Alasan lainnya, bahwa jika pembayaran ditangguhkan maka termasuk katagori jual beli hutang dengan hutang, dan hal ini dilarang, sebagaimana dalam hadist Ibnu Umar :   

 

 عَن اب هن هعمر أنََّ النَبي صَلىَّ الله عَليهِ و سلم نَهَى عَن بَيعِ الكَالِئ بِالكَالِئ

 “Dari Ibnu Umar bahwasanya nabi shallallahu ‘alaihi wassalam melarang jual beli hutang dengan hutang “ (HR. Daruqutni dan dishahihkan oleh Hakim) 

Pendapat Kedua : Pemesan boleh membayar ketika pesanan sudah jadi dan sesuai dengan kreteria yang disepakati. Ini adalah pendapat ulama al-Hanafiyah dan didukung oleh Muktamar Majma’ al-Fiqh al-Islami yang diadakan di kota Jeddah pada tanggal 7-12 Dzulqa’dah 1412 H/ 9-14 Mei 1992 M, pada keputusan no 66/3/7 tentang akad al-Istishna’, dan diantara isinya adalah sebagai berikut : “Dibolehkan di dalam akad al-Istishna’ tersebut untuk menangguhkan pembayarannya secara keseluruhan, atau diangsur  secara periodik dalam waktu yang terbatas. “

 

Tetapi perlu digaris bawahi bahwa pendapat kedua yang membolehkan pembayaran di akhir ini, akan terjebak dalam jual beli hutang dengan hutang, karena membeli barang yang belum ada dengan uang yang belum ada juga, bukankah hal ini dilarang sebagaimana dalam hadist Ibnu Umar di atas?  Sebagian kalangan memberikan jalan keluar dengan cara merubah akad al-istishna ini  menjadi dua akad lain, yaitu akad jual beli barang (bahan dasar) dengan kredit, dan akad  jasa pembuatan barang tersebut.[2] 
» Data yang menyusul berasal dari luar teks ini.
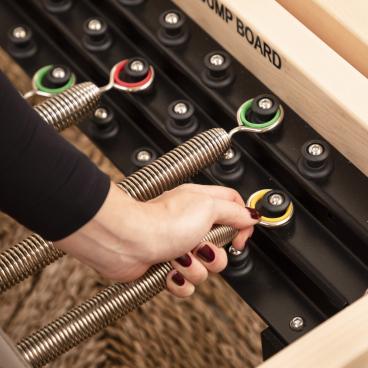 Reformer Master Instructor™ Reformer Master Instructor™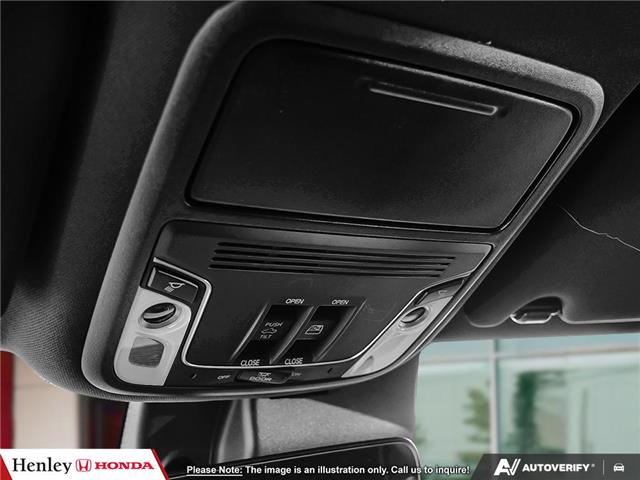 2026 Honda Ridgeline TrailSport (Stk: H22563) in St. Catharines - Image 18 of 26 2026 Honda Ridgeline TrailSport (Stk: H22563) in St. Catharines - Image 18 of 26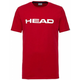 Majica za dječake Head Club Ivan T-Shirt JR - red/white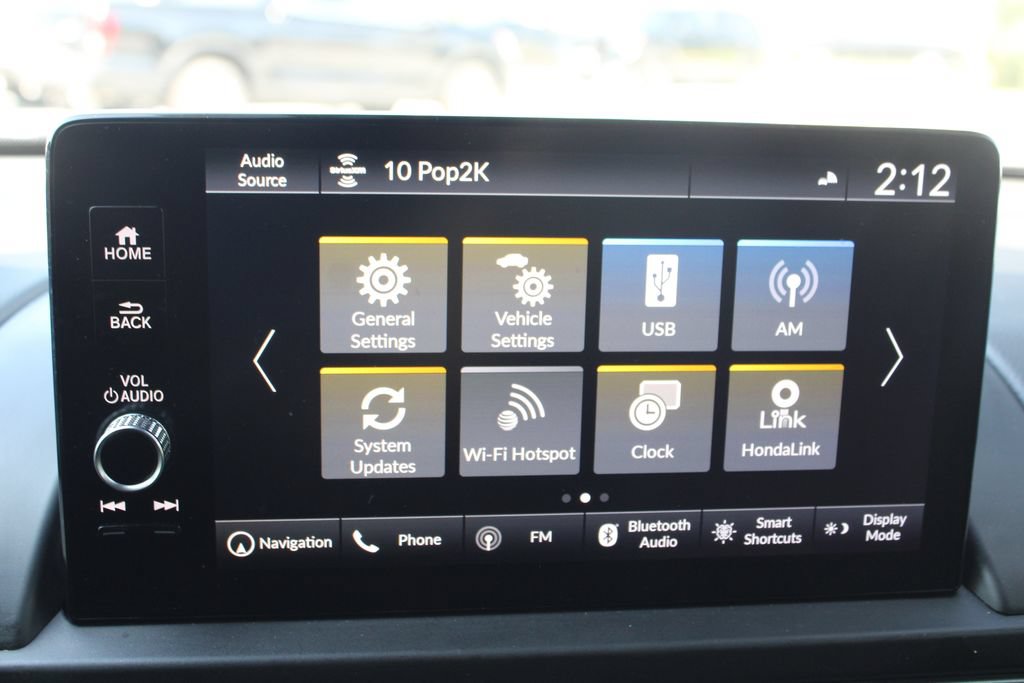 Certified 2025 Honda Pilot Black Edition image 23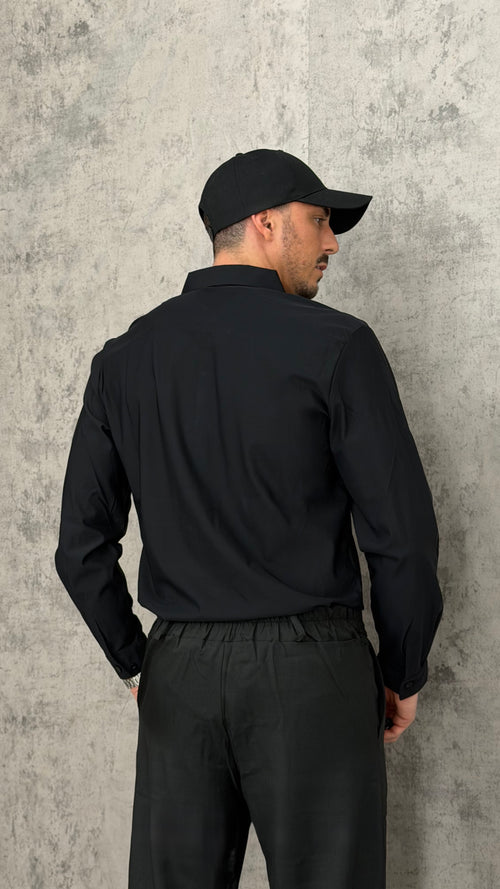 Camicia Slim NO STIRO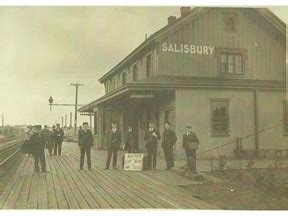 Salisbury celebrates 250 years of history | Telegraph-Journal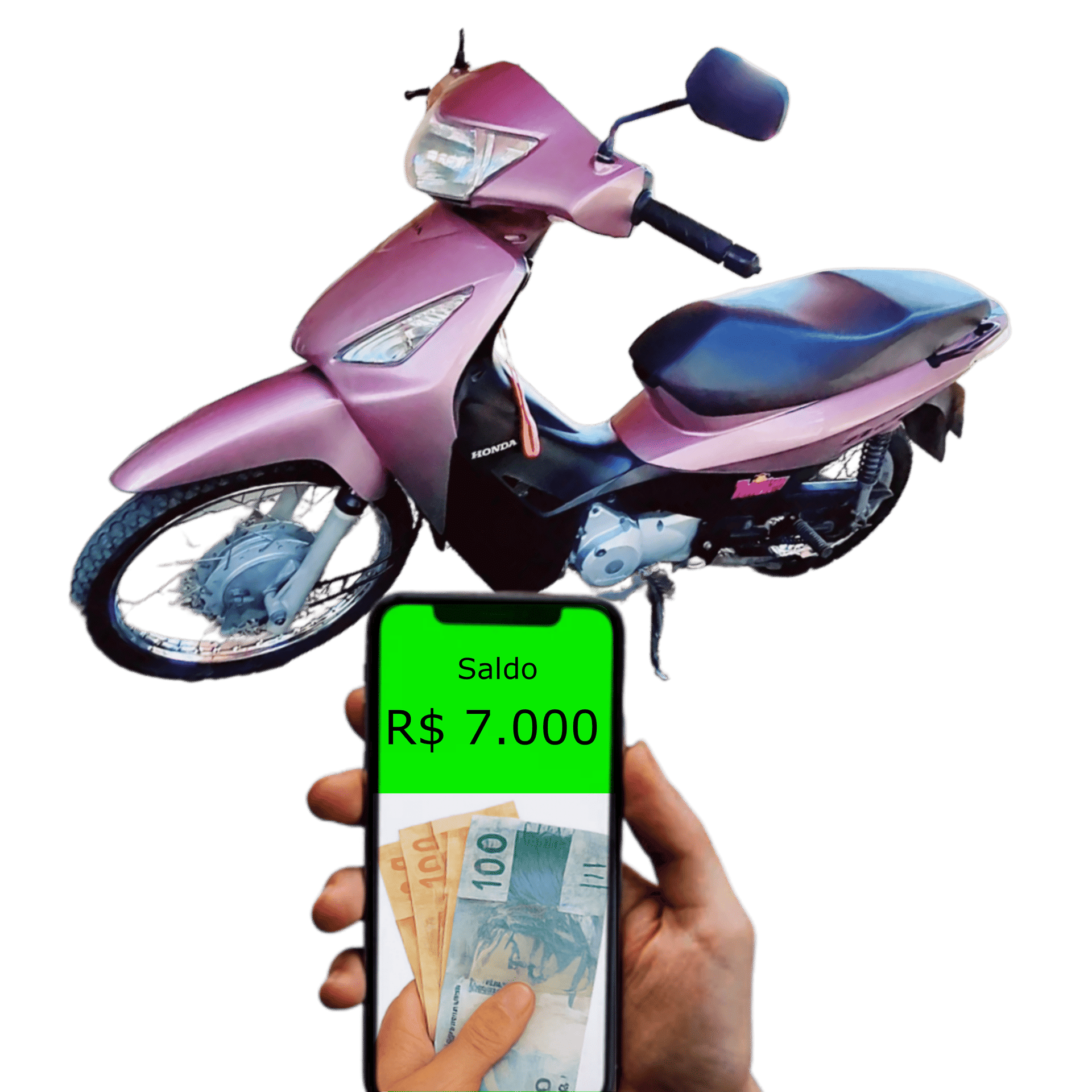 1ª imagem da campanha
Tentunya paling baik adalah membayar terlebih dahulu, sebagaimana yang dinyatakan oleh mayoritas ulama, agar kita bisa keluar dari perbedaan pendapat di atas.  

 

Sebagian ulama’ menyatakan bahwa pada dasarnya umat Islam secara de facto telah bersepakat atau merajut konsensus (ijma’) bahwa akad istishna’ adalah akad yang dibenarkan dan telah dijalankan sejak dahulu kala tanpa ada seorang sahabat atau ulama pun yang mengingkarinya.  Dengan demikian, tidak ada alasan untuk melarangnya. Alasan ini selaras dengan salah satu prinsip dasar agama Islam, yaitu taisir (memudahkan):

 إنَِّ الدِ ينَ يُسْرٌ. رواه البخاري

“Sesungguhnya agama itu mudah.” (Riwayat Bukhari).

 

Istishna’ dapat mendatangkan banyak kemaslahatan dan keuntungan, dan tidak mengandung unsur riba, atau ketidak jelasan/spekulasi tinggi (gharar). Dengan demikian setiap hal yang demikian ini adanya.  Berdasarkan pemaparan singkat di atas, dapat saksikan bahwa pendapat kedua dan ketiga lebih kuat, dengan demikian dapat disimpulkan bahwa akad istishna’ adalah akad yang dibenarkan dalam syari’at islam.

 

Al-Istishna’ Paralel

Al Istishna’ Paralel adalah seseorang yang mendapatkan pesanan dari orang lain -umpamanya untuk membuat rak buku-, dia tidak mengerjakannya sendiri, tetapi mengupahkan kepada pihak ketiga. Apakah hal ini dibolehkan? Jawabannya adalah selama hal itu tidak mempengaruhi  point-point yang sudah disepakati antara kedua belah pihak, seperti harga dan sifat-sifat barang, maka hukumnya boleh. Ini seperti halnya seseorang yang menerima pesanan barang, kemudian pengerjaannya diserahkan kepada bawahannya atau tukangnya. 

Kesimpulan

Istishna’ adalah artinya perjanjian terhadap barang jualan yang berada dalam kepemilikan penjual dengan syarat di buatkan oleh penjual, atau meminta di buatkan secara khusus sementara bahan bakunya dari pihak penjual. Perbedaannya adalah terletak dalam cara pembayarannya dan  salam tersebut mengikat para pihak yang mengadakan akad sejak semula, sedangkan istisna’ menjadi pengikat untuk melindungi produsen sehingga tidak di tinggalkan begitu saja oleh konsumen yang tidak bertanggung jawab.